What Assemble have done here represents a very different approach. It isn't designed to impress, and any artiness is all about space and surface rather than gesture. There's a huge shift in British architectural fashion in the difference between these two adjacent buildings.

Assemble have turned the Baths' back end into a frontage, of an odd sort, a Bernd and Hilla Becher industrial vignette, asymmetrical and eerie.

Inside, there's the sort of montage you'd expect from the redesigners of the Four Streets in Granby, Liverpool, where the destructive effects of a botched clearance scheme were incorporated into the renovated houses. Thankfully, this time we don't have to pretend that the buildings are solving the housing crisis.

There are fragments of white tiles, soggy bricks, liquefying metal, and unexpected views outwards, into the painting studios in the main baths, and downwards, into a double-height empty space below the ground floor. This creates a tightly packed, illogical maze.

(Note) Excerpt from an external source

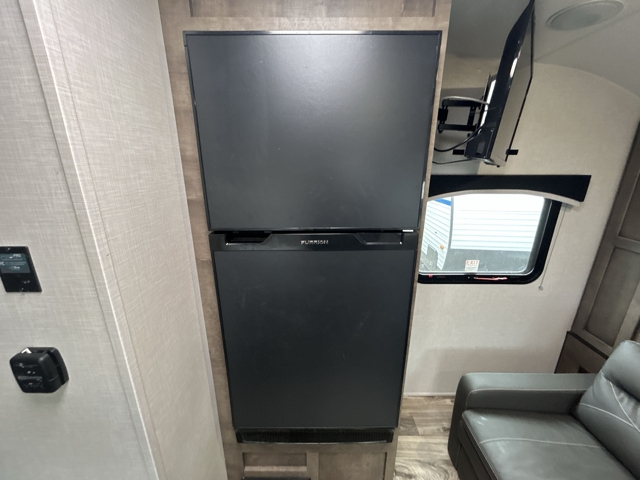 2023 Venture RV Sonic 170VBH — photo 8 of 8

It isn't designed to impress, and any artiness is all about space and surface rather than gesture

To see what is strange and exciting about Assemble's building, one could compare it to 6a's just-opened renovation of a Camberwell fire station into an expansion of the South London Gallery, just a couple of miles up the road. Again, it's a rough Victorian building that the architects have refused to prettify, but the approach is so much more polite and sensible, with none of the fetishism and weirdness Assemble have gone in for.

I loved the results, but it's easy to imagine someone finding it all exceptionally irritating and mannered; the Goldsmiths CCA is a high-end art gallery, not a squat, and it is perhaps unseemly for it to pretend to be one, in a city where that sort of non-commercial activity has been ruthlessly marginalised. Nineteen years ago, there were several actual squats around the corner from here, but that sort of thing isn't allowed to happen in London anymore. Here, at least, the feel of that strange city is retained, but how much of its spirit?

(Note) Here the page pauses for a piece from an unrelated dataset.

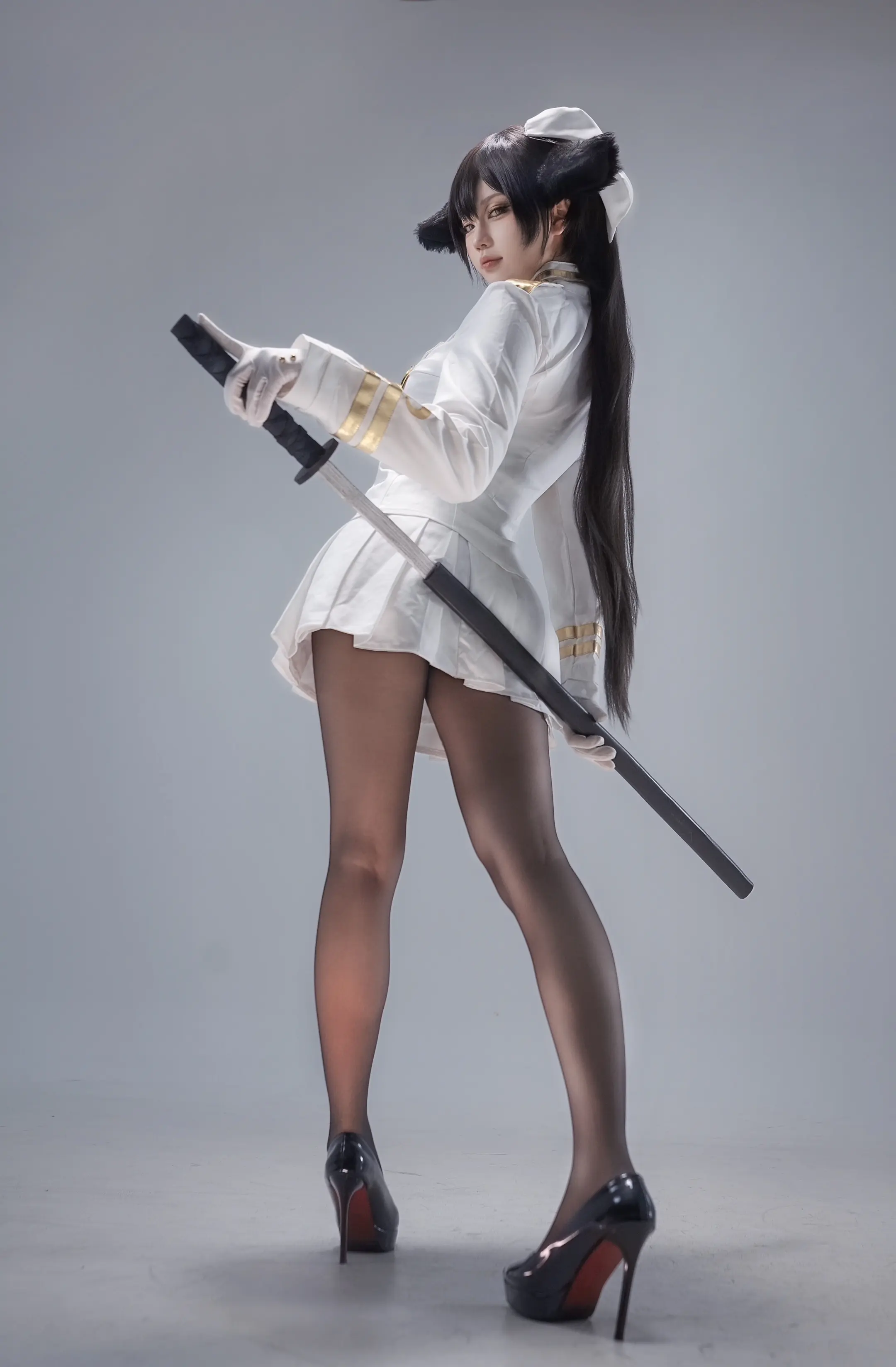 出鞘。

When the gallery opened, protesters, drawing attention to an ongoing dispute over the pay and conditions of cleaners at Goldsmiths, unfurled a banner reading Who Keeps the White Cube White? One side of the double-meaning doesn't entirely work – one of the most refreshing things about Assemble's building is its refusal of the tedious white cube idea – but the other side does.

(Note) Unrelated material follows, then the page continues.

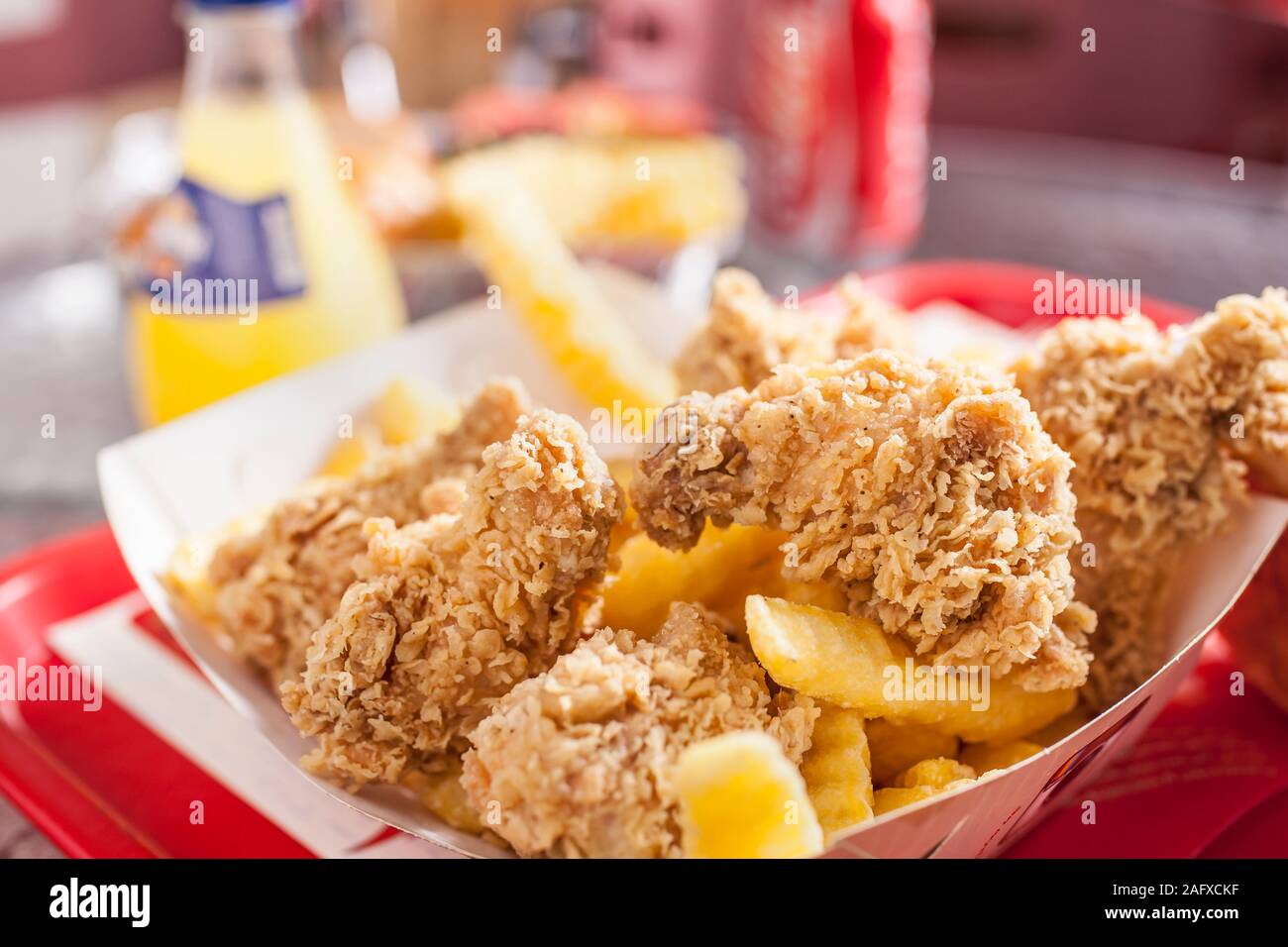 Gebratenes Huhn mit Pommes frites Stockfoto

One of the most refreshing things about Assemble's building is its refusal of the tedious white cube idea

Part of the reason why I went here, two decades ago, was that I wanted to study in London, not in a campus in London, and Goldsmiths was one of the places where you could do that. You were embedded in an ordinary residential inner city area, with no gates, lodges or quadrangles. Not only was this the opposite of Oxbridge, is was also the opposite of the main University of London campus in Bloomsbury. One of the things I would come to realise about this place was that in London, closeness can be deceptive.

Proximity to people different from you is something London does well, much better than most European capitals; but it isn't the same thing as equality. This intriguing building opens at a time when inequality in the capital has been stretched to breaking point, with the staggeringly rich making even very ordinary places like New Cross as expensive as Manhattan – and we all know what role artists have had as the advance guard for that process.

I enjoyed Assemble's building a great deal, because of how it refuses to tidy up London; but in today's London, a refusal to make nice can feel like a simulation of poverty.